Using the material below, return exactly the lines between the one holding "Low angle view" and the one holding "Magen-Ache. Kranke Asiatische", inclusive, and no others.

● ● ● ● ●

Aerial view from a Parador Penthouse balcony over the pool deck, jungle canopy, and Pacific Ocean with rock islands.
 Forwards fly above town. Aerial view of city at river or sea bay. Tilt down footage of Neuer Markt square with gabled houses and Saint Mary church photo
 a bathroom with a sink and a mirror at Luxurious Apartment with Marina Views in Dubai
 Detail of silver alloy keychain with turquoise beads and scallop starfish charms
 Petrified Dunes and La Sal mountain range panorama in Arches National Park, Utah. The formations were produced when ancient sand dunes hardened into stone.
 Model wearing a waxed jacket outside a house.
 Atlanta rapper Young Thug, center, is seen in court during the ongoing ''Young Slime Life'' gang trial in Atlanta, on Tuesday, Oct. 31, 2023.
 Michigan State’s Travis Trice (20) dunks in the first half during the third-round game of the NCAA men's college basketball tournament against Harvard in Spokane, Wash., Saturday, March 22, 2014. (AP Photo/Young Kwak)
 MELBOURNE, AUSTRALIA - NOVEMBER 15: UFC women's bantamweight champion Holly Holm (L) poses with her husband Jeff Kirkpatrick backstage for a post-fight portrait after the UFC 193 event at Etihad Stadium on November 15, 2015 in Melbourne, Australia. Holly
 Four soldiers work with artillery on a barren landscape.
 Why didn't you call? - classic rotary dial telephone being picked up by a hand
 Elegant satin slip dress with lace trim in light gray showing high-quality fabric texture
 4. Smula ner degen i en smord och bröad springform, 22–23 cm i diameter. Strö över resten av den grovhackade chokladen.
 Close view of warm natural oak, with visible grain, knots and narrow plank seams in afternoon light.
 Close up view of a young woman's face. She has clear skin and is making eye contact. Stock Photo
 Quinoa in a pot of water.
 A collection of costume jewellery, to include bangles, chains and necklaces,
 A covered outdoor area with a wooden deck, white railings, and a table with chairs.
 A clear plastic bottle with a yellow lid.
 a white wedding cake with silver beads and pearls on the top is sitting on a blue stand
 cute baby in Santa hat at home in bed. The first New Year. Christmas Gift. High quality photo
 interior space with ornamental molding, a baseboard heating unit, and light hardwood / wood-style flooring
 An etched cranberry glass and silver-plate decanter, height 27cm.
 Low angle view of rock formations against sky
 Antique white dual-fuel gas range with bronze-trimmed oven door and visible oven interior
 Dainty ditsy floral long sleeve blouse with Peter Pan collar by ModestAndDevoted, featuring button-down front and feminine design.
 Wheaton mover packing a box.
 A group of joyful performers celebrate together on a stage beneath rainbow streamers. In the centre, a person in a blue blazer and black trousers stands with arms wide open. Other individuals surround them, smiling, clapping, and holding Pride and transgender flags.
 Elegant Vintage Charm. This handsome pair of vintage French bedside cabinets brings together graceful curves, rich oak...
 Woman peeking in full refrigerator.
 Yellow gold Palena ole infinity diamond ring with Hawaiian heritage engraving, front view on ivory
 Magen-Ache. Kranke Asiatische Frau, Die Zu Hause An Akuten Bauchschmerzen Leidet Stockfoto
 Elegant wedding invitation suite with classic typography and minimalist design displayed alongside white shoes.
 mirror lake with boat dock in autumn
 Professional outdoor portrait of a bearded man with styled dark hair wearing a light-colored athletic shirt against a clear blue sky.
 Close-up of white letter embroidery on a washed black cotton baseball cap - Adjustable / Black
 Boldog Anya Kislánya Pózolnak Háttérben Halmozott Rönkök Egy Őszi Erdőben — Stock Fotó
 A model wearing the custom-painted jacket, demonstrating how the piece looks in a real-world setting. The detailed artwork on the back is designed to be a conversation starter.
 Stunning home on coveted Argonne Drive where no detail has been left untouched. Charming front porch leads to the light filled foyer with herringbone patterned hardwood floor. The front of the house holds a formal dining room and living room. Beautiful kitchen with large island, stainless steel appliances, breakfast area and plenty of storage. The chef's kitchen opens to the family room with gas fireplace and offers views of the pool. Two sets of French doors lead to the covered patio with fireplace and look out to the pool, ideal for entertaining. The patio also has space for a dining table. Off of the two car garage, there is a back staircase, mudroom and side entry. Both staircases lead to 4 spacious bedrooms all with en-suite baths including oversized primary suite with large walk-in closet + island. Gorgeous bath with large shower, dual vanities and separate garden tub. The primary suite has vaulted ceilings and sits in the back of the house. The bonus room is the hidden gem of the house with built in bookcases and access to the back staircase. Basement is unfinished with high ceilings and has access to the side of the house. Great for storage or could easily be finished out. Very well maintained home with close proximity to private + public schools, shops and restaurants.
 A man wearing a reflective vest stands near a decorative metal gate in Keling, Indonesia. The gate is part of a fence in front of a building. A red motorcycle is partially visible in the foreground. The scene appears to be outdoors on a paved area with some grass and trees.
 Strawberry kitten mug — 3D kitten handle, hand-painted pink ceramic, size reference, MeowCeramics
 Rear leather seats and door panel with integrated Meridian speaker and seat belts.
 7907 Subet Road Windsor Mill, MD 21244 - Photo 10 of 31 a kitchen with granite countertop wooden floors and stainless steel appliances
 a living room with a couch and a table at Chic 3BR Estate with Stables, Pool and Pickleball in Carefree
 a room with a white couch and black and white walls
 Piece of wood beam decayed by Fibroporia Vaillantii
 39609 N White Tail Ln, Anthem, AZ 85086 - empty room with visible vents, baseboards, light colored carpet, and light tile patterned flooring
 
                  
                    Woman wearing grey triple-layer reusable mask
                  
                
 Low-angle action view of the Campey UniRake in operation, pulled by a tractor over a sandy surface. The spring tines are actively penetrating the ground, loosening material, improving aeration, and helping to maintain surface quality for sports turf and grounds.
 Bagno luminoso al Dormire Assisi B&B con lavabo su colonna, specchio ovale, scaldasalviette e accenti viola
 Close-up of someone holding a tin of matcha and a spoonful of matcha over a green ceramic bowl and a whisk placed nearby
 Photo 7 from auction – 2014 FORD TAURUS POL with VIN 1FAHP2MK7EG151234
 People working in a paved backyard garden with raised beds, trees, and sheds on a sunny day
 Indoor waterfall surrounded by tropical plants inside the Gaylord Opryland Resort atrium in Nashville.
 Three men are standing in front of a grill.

● ● ● ● ●

> **RESULT FOR THIS EXERCISE**
 Low angle view of rock formations against sky
 Antique white dual-fuel gas range with bronze-trimmed oven door and visible oven interior
 Dainty ditsy floral long sleeve blouse with Peter Pan collar by ModestAndDevoted, featuring button-down front and feminine design.
 Wheaton mover packing a box.
 A group of joyful performers celebrate together on a stage beneath rainbow streamers. In the centre, a person in a blue blazer and black trousers stands with arms wide open. Other individuals surround them, smiling, clapping, and holding Pride and transgender flags.
 Elegant Vintage Charm. This handsome pair of vintage French bedside cabinets brings together graceful curves, rich oak...
 Woman peeking in full refrigerator.
 Yellow gold Palena ole infinity diamond ring with Hawaiian heritage engraving, front view on ivory
 Magen-Ache. Kranke Asiatische Frau, Die Zu Hause An Akuten Bauchschmerzen Leidet Stockfoto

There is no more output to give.